Tuesday, 19 January 2016

Revisiting 'Mindhunters' (2004)

This movie proves the rule that anything starring Clifton Collins Jr. cannot be that bad.

While I would not say that Mindhunters is an underrated classic, it is a fun b-movie with an interesting premise, some good acting and inventive set pieces. It's basically Agatha Christie's And Then There Were None, except that the victims are a team of rookie FBI profilers on a routine training mission to an island where police and military carry out exercises in a fake town set filled with mannequins and monitored by hidden cameras -- so that the instructors can monitor their student's progress.

In this case, a tough, idiosyncratic instructor (Val Kilmer) has left his class on the island with an unusual assignment -- to use their skills to find a serial killer who is killing the fictional island inhabitants.
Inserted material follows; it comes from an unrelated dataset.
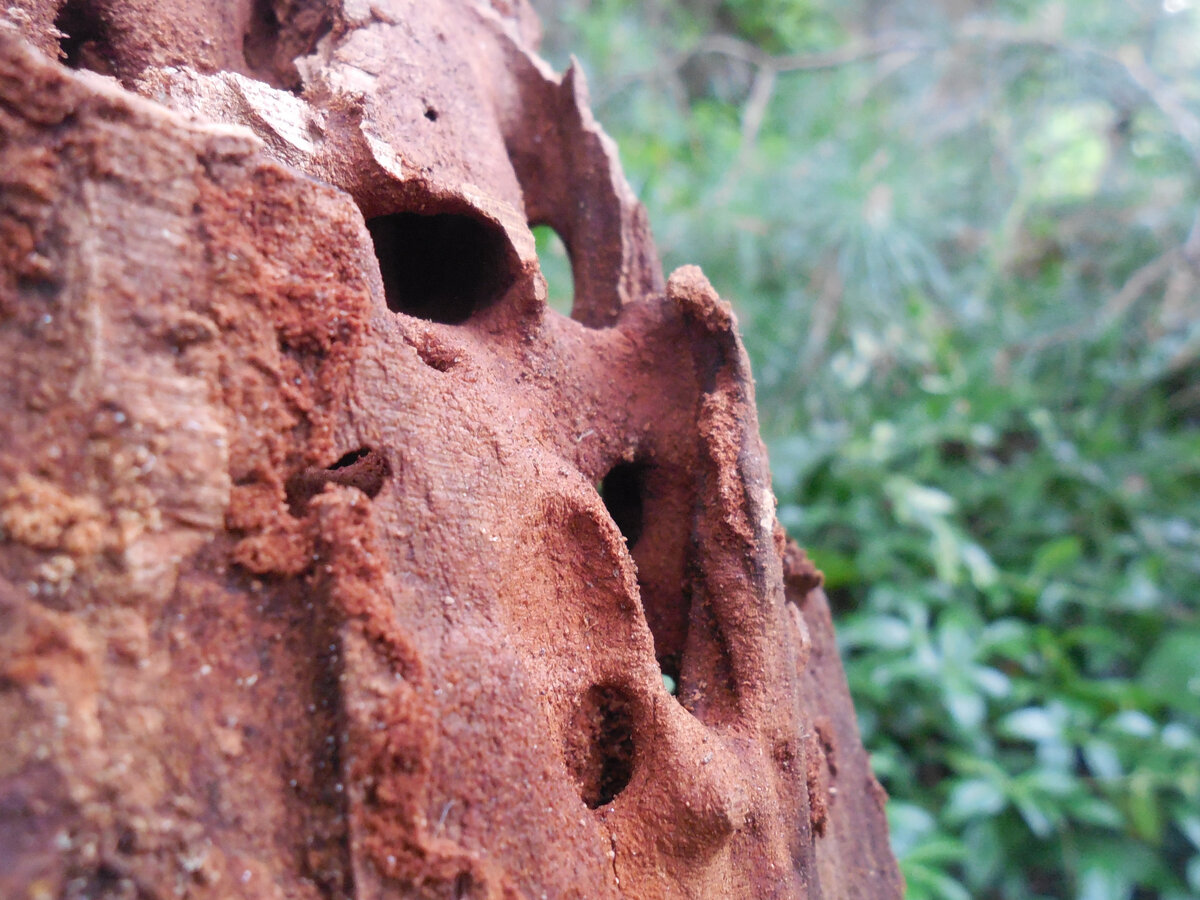 Кусок коры. В рутарий? или в стампери? Всё может быть!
However, shortly after they arrive, someone begins to hunt the students down and kill them in various elaborate ways. Now the rookies have to band together to hunt down the real killer, who may be one of their own...

Directed by schlockmeister Renny Harlin, don't go into this expecting subtlety. However, what it lacks in nuance, Mindhunters makes up for in entertainment value.

The premise is a tad contrived, but it is well-realised. The characters are given a modicum of personality and the cast (including Kathryn Morris, Christian Slater, and Johnny Lee Miller) are not sleep-walking through their roles. Even LL Cool J is solid as a late addition to the team with his own motives for joining the group. The standout, as already mentioned, would have to be Clifton Collins Jr. as a disabled, paranoid profiler who refuses to go anywhere without his sidearm. 

The island setting is suitably eerie and Harlin's direction, while occasionally over-stylised, is surprisingly effective in conveying the necessary mood and tension. The students are killed in ways which reflect a specific element of their personality -- it is a pretty schlocky gimmick, but Harlin manages to prolong the build-up to the kills so that you never sure exactly how each character are going to die until the last moment. 

Are there flaws? Sure. The kills are momentarily clever, but the whole thing falls apart if you think about any of it too hard. The characters are not that deep, and their personalities can be boiled down to a few key ingredients. The tone is appropriately dark, although it does get to feel a little oppressive at times. Films like these generally manage to leaven their darker moments with a tinge of dark wit, but that is not really the case here. 

Roger Ebert put it best in his review: "Is the film worth seeing? Well, yes and no. Yes, because it is exactly what it is, and no, for the same reason."

If you are looking for a good thriller that is not as smart as you are, Mindhunters is that movie.